Casualty, property claims hit Old Mutual
But strong life assurance sales prop up emerging markets unit
OLD Mutual Emerging Markets (OMEM) is relying on long-term growth in the markets in which it operates to turn around its 5% dip in adjusted operating profit for the six months to June.
The biggest drag came from a 32% decline in OMEM’s property and casualty business unit, which was hit by a R44-million underwriting loss, a drastic change from last year’s R147million profit in the same reporting period.
“The incidence of death claims was in line with expectations, but the value of the claims was higher. We also experienced a higher level of disability claims within our South African corporate business,” said OMEM CEO Ralph Mupita on Thursday.
Profits across the rest of the continent took a 4% knock — also attributable to the property and casualty business.
In Malawi, higher finance costs hit OMEM’s property management business. In Kenya it was hit by higher claims, and the Nigerian business also reported an increase in corporate business claims.
However, OMEM’s life assurance cluster showed some improvement.
“The growth in emerging markets life business is one positive to take from the emerging markets segment,” said PSG portfolio manager Adrian Cloete.
OMEM’s emerging markets life business reported 25% growth across markets, with its Latin American business surging 69% due to the inclusion of Colombia’s life sales.
“We had strong life sales in our mass foundation cluster,” said OMEM finance director IainWilliamson.
“Nine percent growth in the current market conditions is really great.”
Adviser productivity also contributed to the growth of the life business in Asia.

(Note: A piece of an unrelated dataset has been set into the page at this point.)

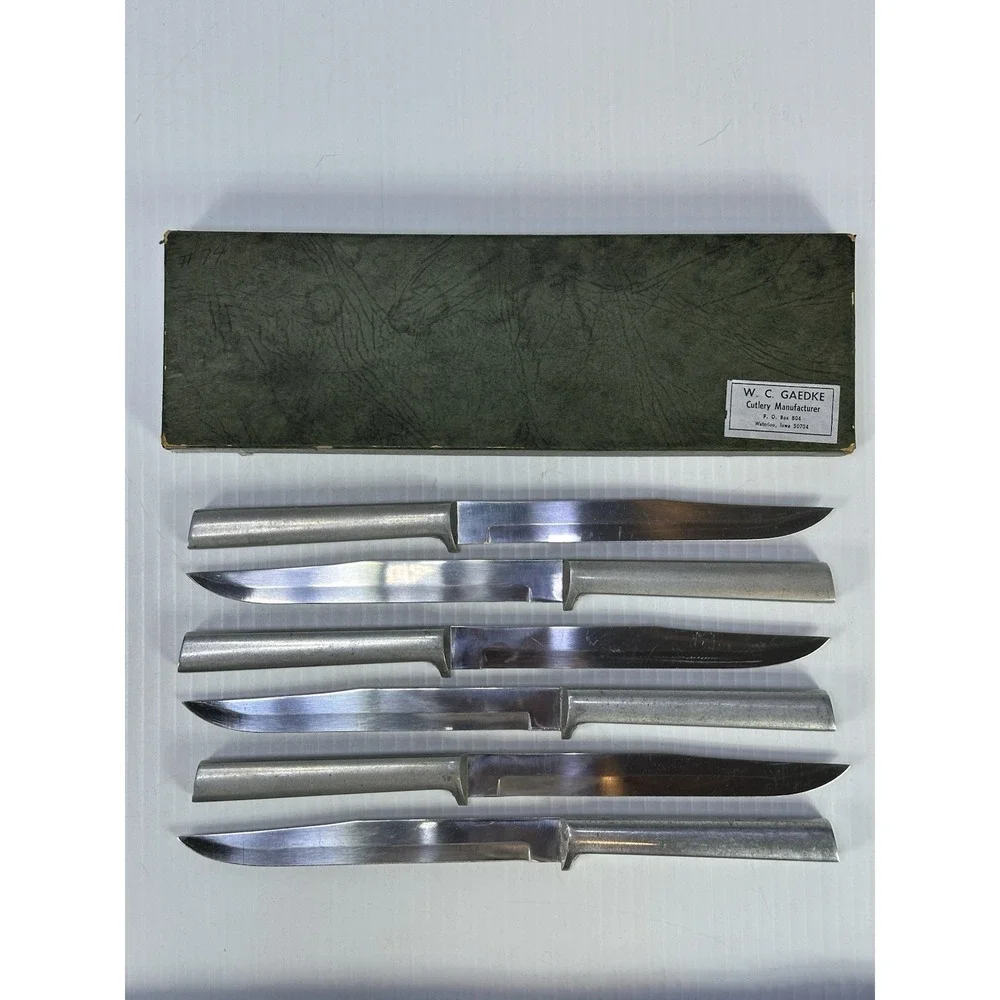 Vintage‎ 1960s W C Gaedke Cutlery Waterloo Iowa Set 6 Knives Original Box USA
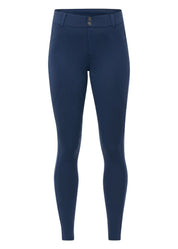 Blue full seat riding breeches shown front view on a white background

Sales in India were up 55% compared to the prior year.
“The sales were also driven by the increased distribution footprint from Kotak bank, now that they’re merged with ING Vysya,” said Mupita.
OMEM owns a 26% stake in Kotak Mahindra Bank in India, which merged with ING Vysya Bank in April last year.

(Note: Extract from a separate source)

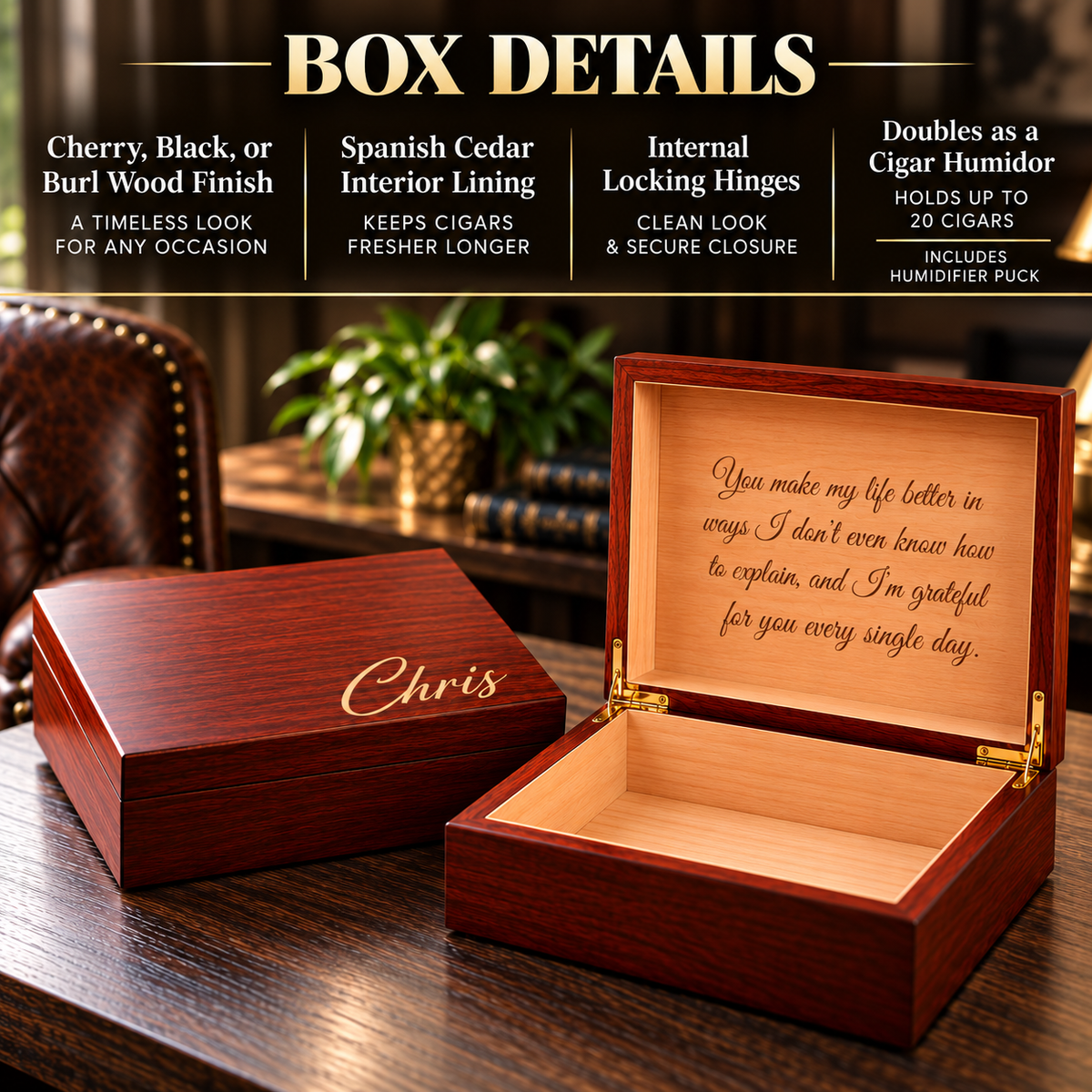 Dark wood keepsake box open, revealing cedar interior with sample laser-engraved message on lid, alongside closed box with monogrammed top showing box details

Despite the effect of the higher claims and the macroeconomic outlook, Mupita remained upbeat.
“We understand that we need an operating model that is resilient,” he said.
OMEM’s focus would remain on its existing markets.

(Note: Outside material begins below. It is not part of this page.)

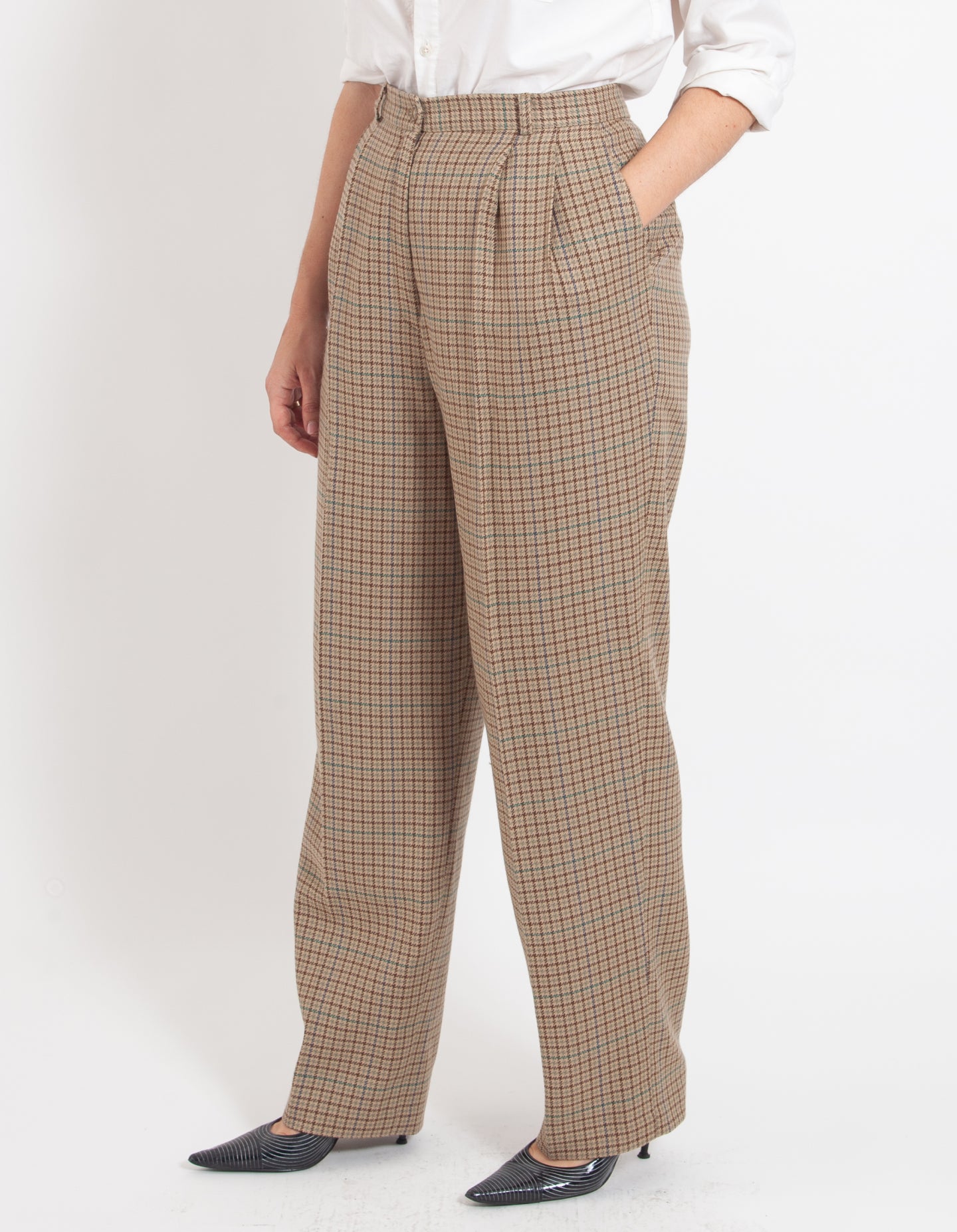 Vintage Truffle Plaid Wool Trousers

“Despite the low growth projections, we still see significant growth in South Africa. The level of financial inclusion in South Africa creates a lot of opportunity for us.”
Mupita said OMEM’s business in South Sudan was operational, although a close eye was being kept on political developments there.
Chris Steward, head of financials at Investec Asset Management, said: “OMEM is reasonably positioned to do well. If you look at what Sanlam has done with their acquisition of Saham life in Morocco, they’ve taken a substantial bet in increasing their footprint across the continent.”.
Both Steward and Mupita identified underpenetration in the African market as an opportunity, despite sociopolitical and economic issues.
Steward said underpenetration across the continent could offer superior long-term growth opportunities for financial services providers, particularly in the short-term and life assurance businesses and for banks.
OMEM’s results come on the back of Old Mutual’s plans to unbundle it and three other structures — Old Mutual Wealth, Old Mutual Asset Management and Nedbank.
The sequence of events requires that the 66% stake in Old Mutual Asset Management is reduced first. Once that has been finalised, the group will create two separate entities, Old Mutual Wealth and OMEM.
Once OMEM is established as an independent company, it will become a holding company that will list on the Johannesburg and London stock exchanges.
The next step for the listed holding company would be to reduce its 54% shareholding in Nedbank, retaining a minority stake.
“We’re going to distribute a share [instead of a dividend] to our shareholders which means they will become primary owners
Nine percent growth in the current market conditions is really great
of Nedbank as opposed to owning it via Old Mutual,” said Ingrid Johnson, the chief financial officer of Old Mutual plc.
Unlike the situation at Barclays Africa, Nedbank will not be looking for external shareholders. Instead, shares will be distributed to the bank’s existing shareholders.